**Input records**
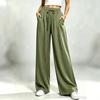 Womens Relaxed Straight Leg Pants Drawstring Elastic Waist Solid Color Casual Trousers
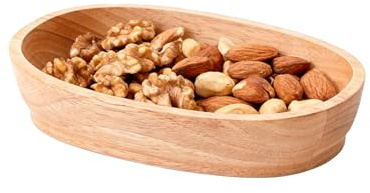 Cuenco para servir en forma de, bandeja vintage de madera maciza para alimentos, plato de servir, ensalada, cuenco de frutas, para pan, sándwiches, dulces, comidas, frutas, mariscos
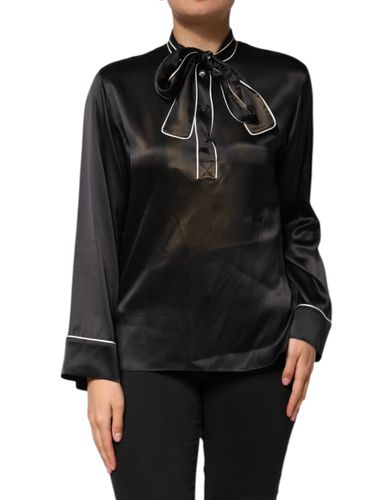 Silk Ascot Collared Button Blouse Women's Top (Pre-Owned) - Dolce & Gabbana - Modalova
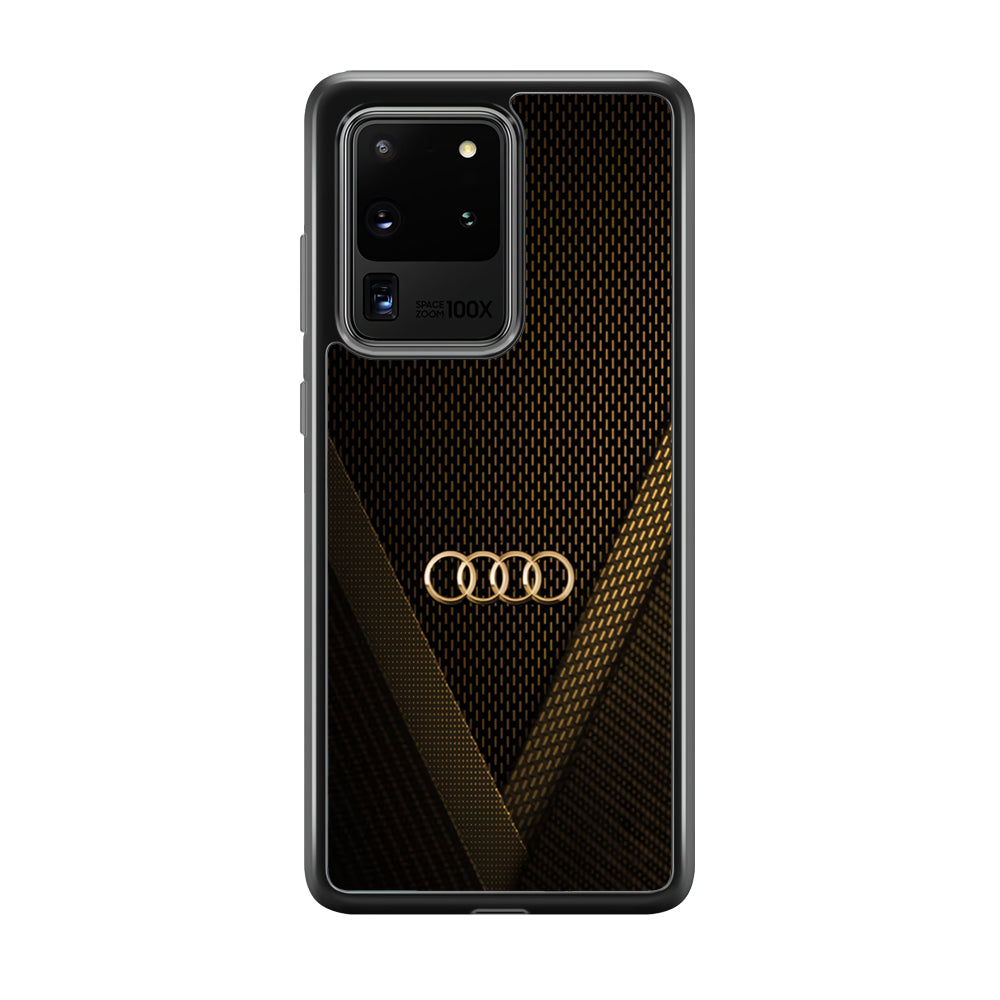 Audi Logo Gold Against a Dark Samsung Galaxy S20 Ultra Case | Slim Rubber Case for Samsung Galaxy S20 Ultra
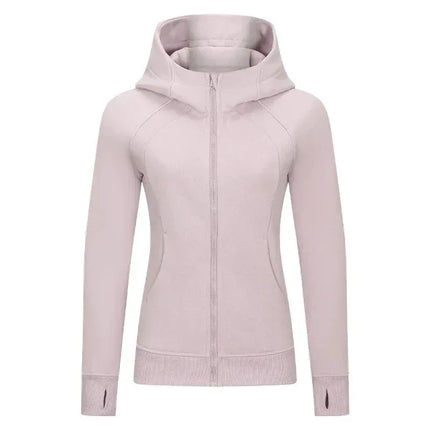 Sports Wear Hoodie Jacket for Women With Thick Zipper - Full Zip Fitness Coat Running Sweater WDQ028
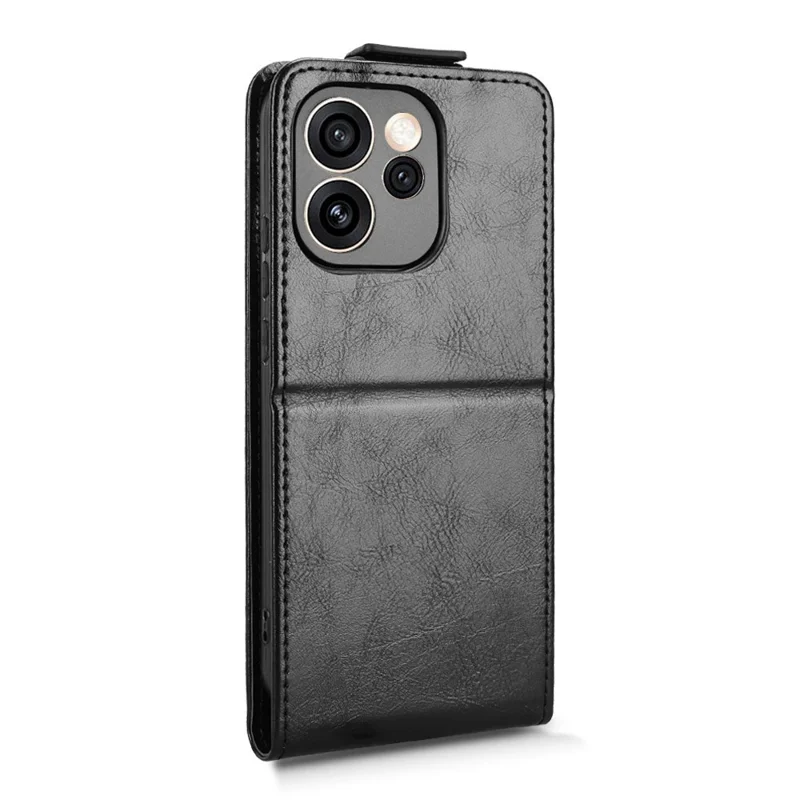 For Oppo Reno15 Pro 5G Stand Case Magnetic Clasp Vertical Flip Leather Phone Cover with Card Holder - Black
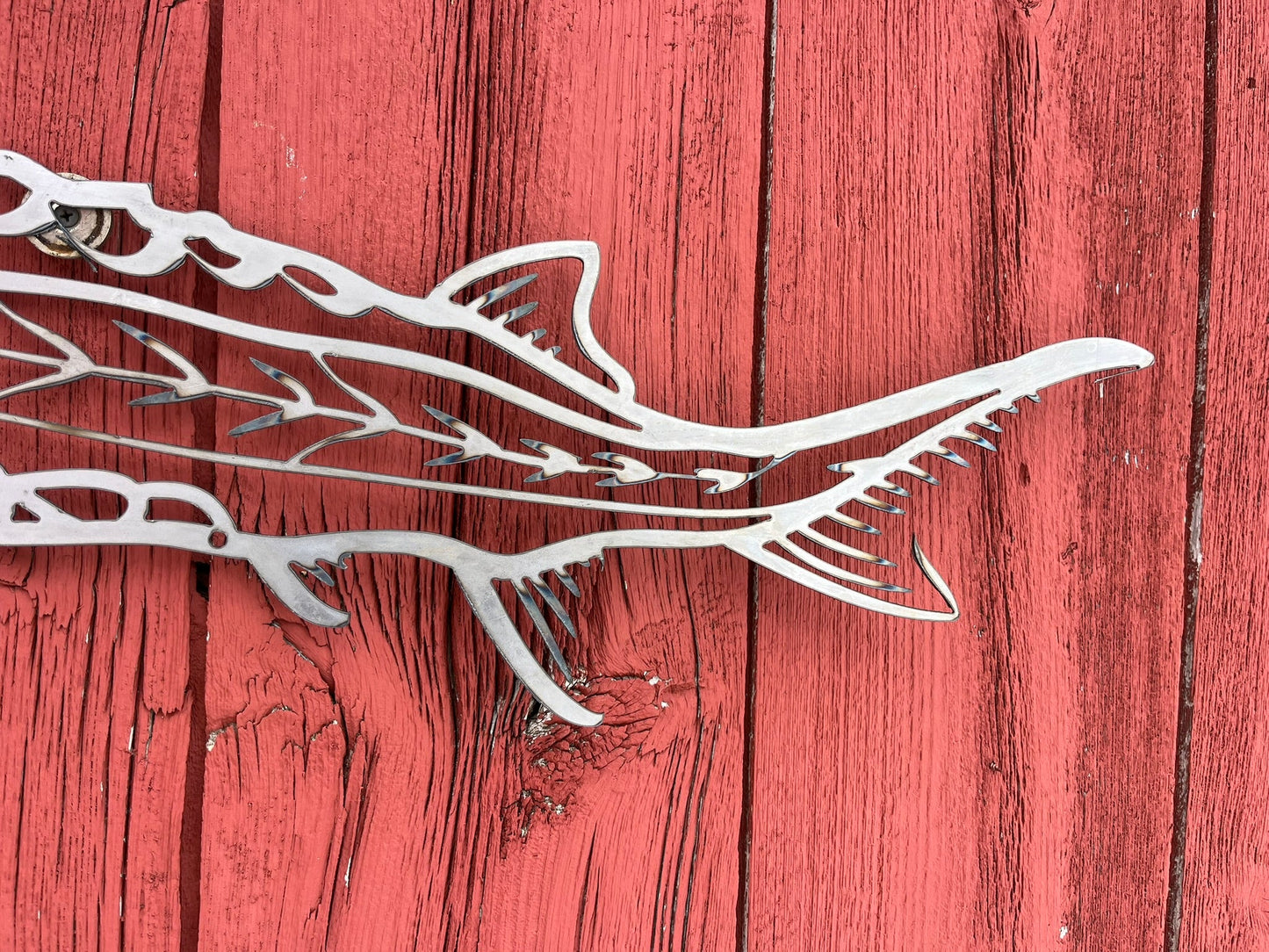 DEFECT - Steel Hollow Lake Sturgeon Wall Art - defect - Northern Forge, LLC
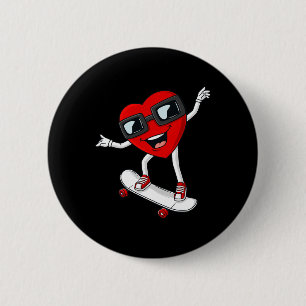 Valentines Day Heart Riding Skateboard Boys Kids T Button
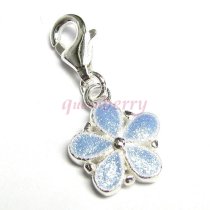 STERLING SILVER Blue Enamel Daisy Flower Dangle for European Clip on Charm Bracelet w/ Lobster Clasp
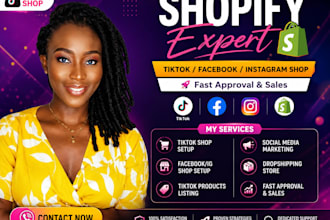 create tiktok shop, setup facebook ig shop, set up shopify dropshipping store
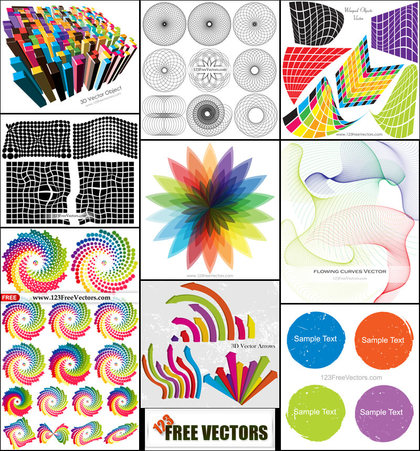 Free Colorful Design Elements Vector Pack
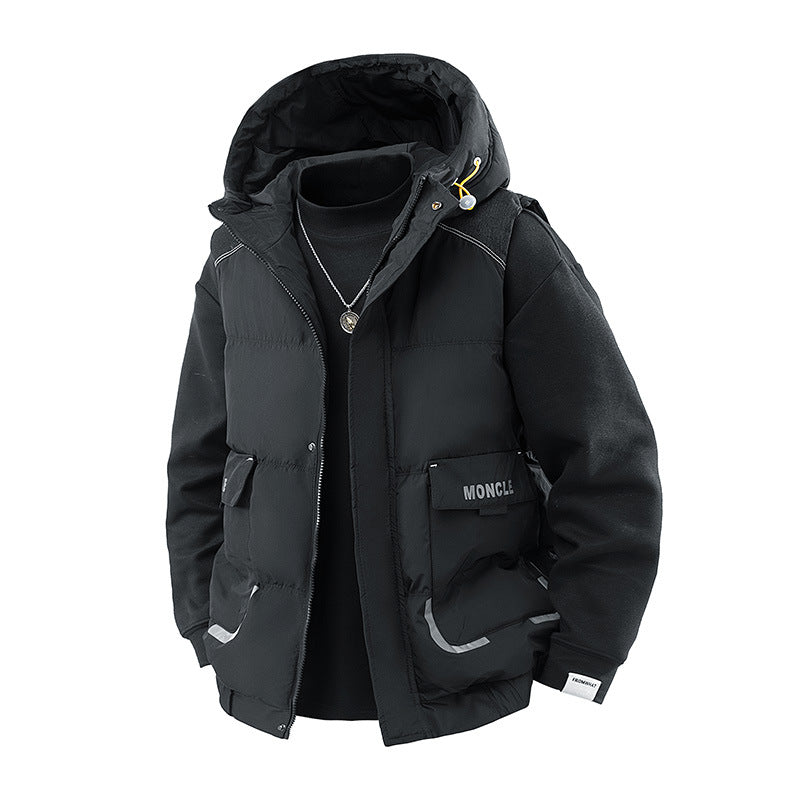 Herren Gesteppte Outdoor-Weste mit Kapuze, Cargo-Taschen und verstellbarem Saum Drune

**Work instruction**
Print exactly the lines from the first line of the records above through the line containing "Sports Wear Hoodie", both included, and leave the pictures out.

**Exercise answer**
 Womens Relaxed Straight Leg Pants Drawstring Elastic Waist Solid Color Casual Trousers
 Cuenco para servir en forma de, bandeja vintage de madera maciza para alimentos, plato de servir, ensalada, cuenco de frutas, para pan, sándwiches, dulces, comidas, frutas, mariscos
 Silk Ascot Collared Button Blouse Women's Top (Pre-Owned) - Dolce & Gabbana - Modalova
 Audi Logo Gold Against a Dark Samsung Galaxy S20 Ultra Case | Slim Rubber Case for Samsung Galaxy S20 Ultra
 Sports Wear Hoodie Jacket for Women With Thick Zipper - Full Zip Fitness Coat Running Sweater WDQ028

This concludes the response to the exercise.